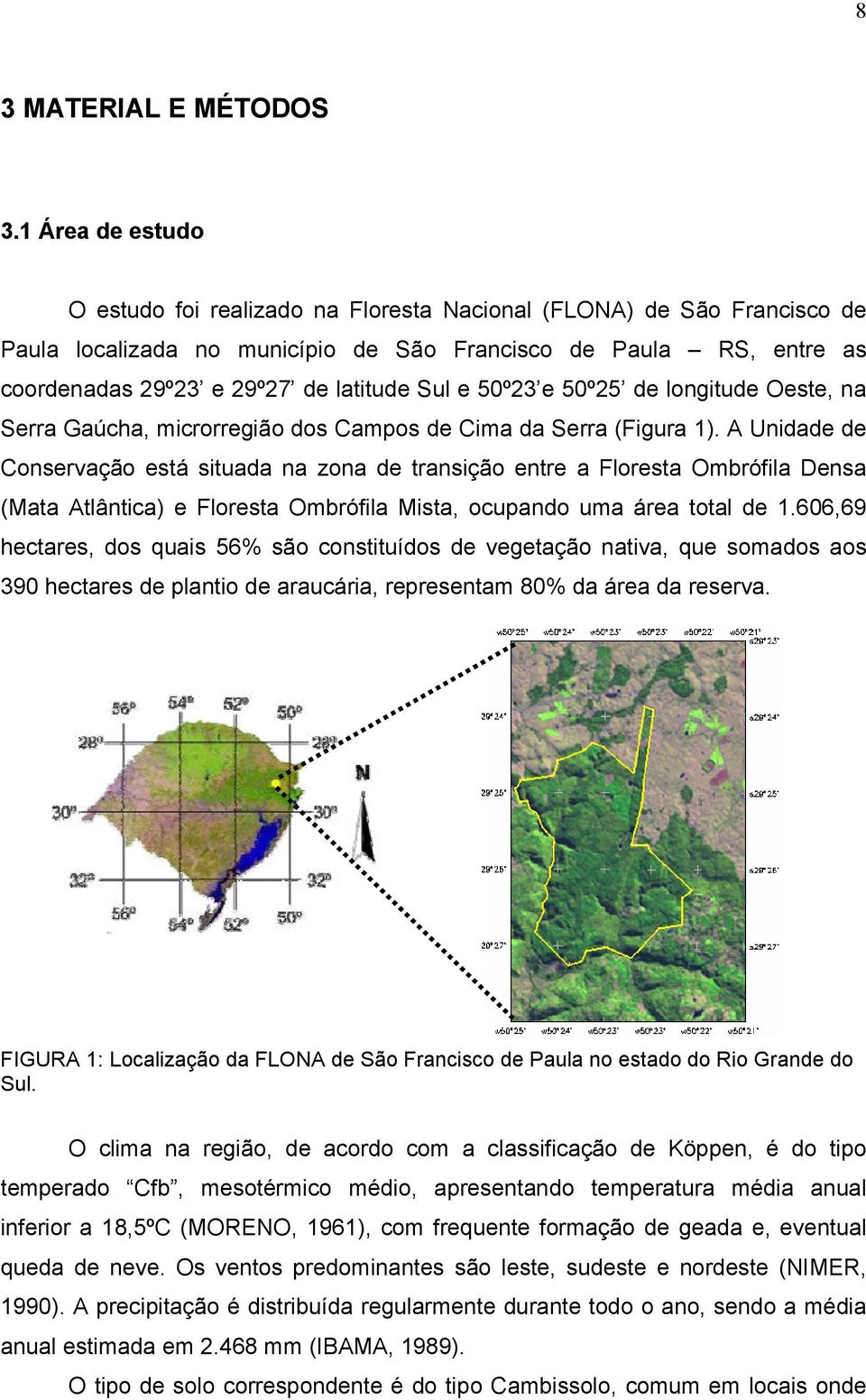 e 50º23 e 50º25 de longitude Oeste, na Serra Gaúcha, microrregião dos Campos de Cima da Serra (Figura 1).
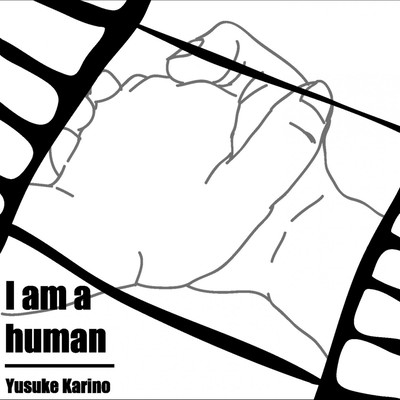 I am a human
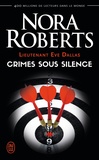 Nora Roberts - Lieutenant Eve Dallas Tome 43 : Crimes sous silence.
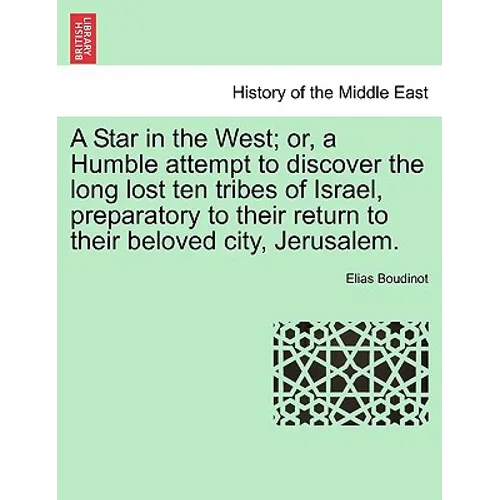 A Star in the West; Or, a Humble Attempt to Discover the Long Lost Ten Tribes of Israel, Preparatory to Their Return to Their Beloved City, Jerusalem. - Paperback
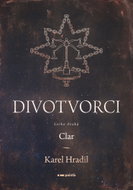Divotvorci: Kniha druhá - Ebook
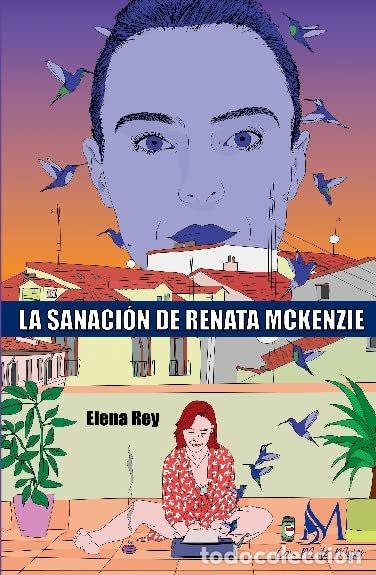 Livros: LA SANACION DE RENATA MCKENZIE - ELENA REY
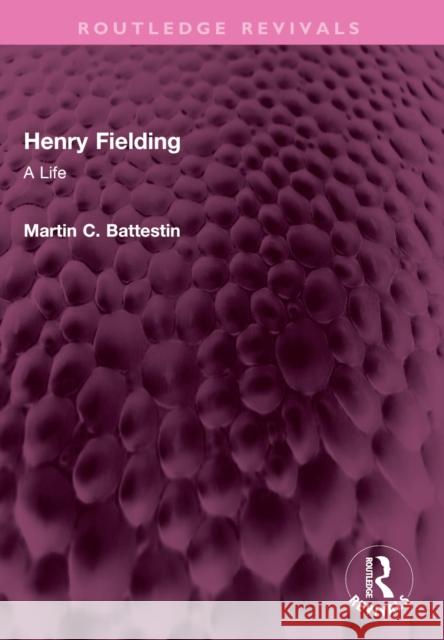 Henry Fielding: A Life Martin C. Battestin 9781032404097 Routledge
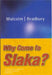 Why Come to Slaka? by Malcolm Bradbury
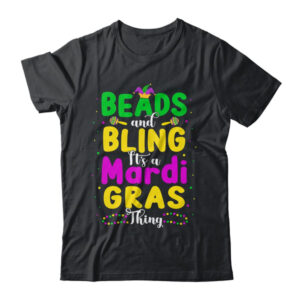 Beads And Bling Its A Mardi Gras Thing Men Women Girls Classic T Shirt Black 600x.jpg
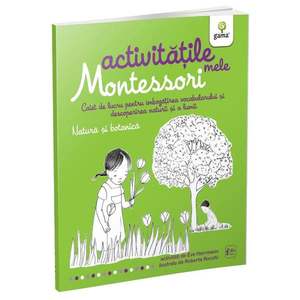 Natura si botanica, Activitatile mele Montessori, Eve Herrmann imagine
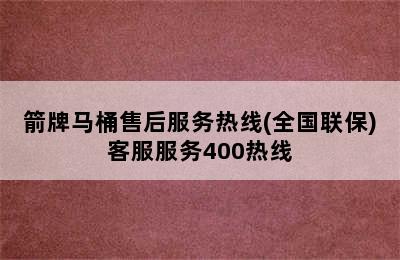 箭牌马桶售后服务热线(全国联保)客服服务400热线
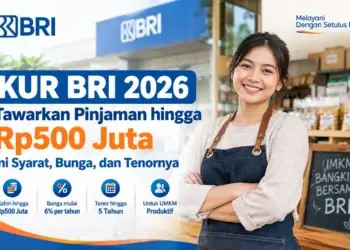 KUR BRI 2026 Tawarkan Pinjaman hingga Rp500 Juta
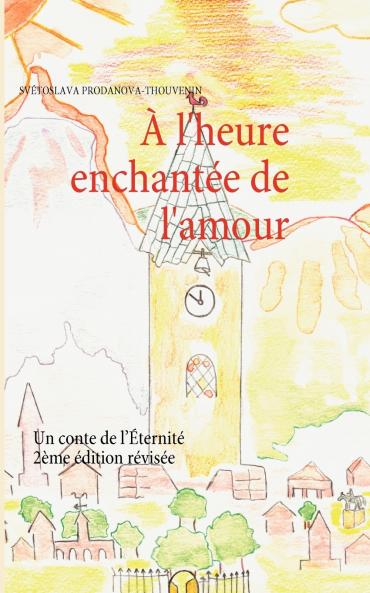 À l'heure enchantée de l'amour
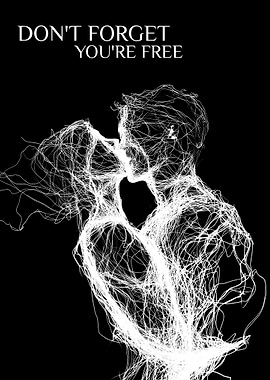Abstract Couple Kissing: Don't Forget You're Free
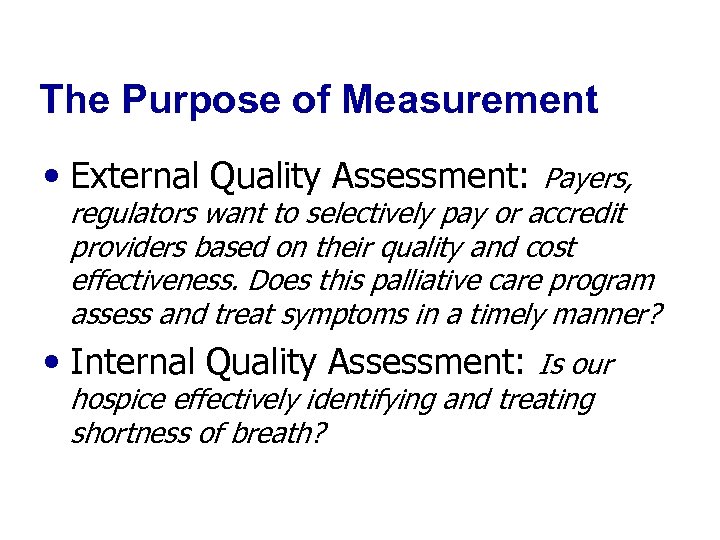 The Purpose of Measurement • External Quality Assessment: Payers, regulators want to selectively pay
---+---
#### EXERCISE DESCRIPTION
Exact reproduction is required. Output only the lines from the one with "Henry Fielding: A" through the end of the listing above, both ends included, and no pictures.

#### RESPONSE TO THIS EXERCISE
 Henry Fielding: A Life Martin C. Battestin 9781032404097 Routledge
 Why Come to Slaka? by Malcolm Bradbury
 Beads And Bling Its A Mardi Gras Thing Men Women Girls Classic T Shirt Black 600x.jpg
 Natura si botanica, Activitatile mele Montessori, Eve Herrmann imagine
 箭牌马桶售后服务热线(全国联保)客服服务400热线
 KUR BRI 2026 Tawarkan Pinjaman hingga Rp500 Juta
 À l'heure enchantée de l'amour
Abstract Couple Kissing: Don't Forget You're Free
 The Purpose of Measurement • External Quality Assessment: Payers, regulators want to selectively pay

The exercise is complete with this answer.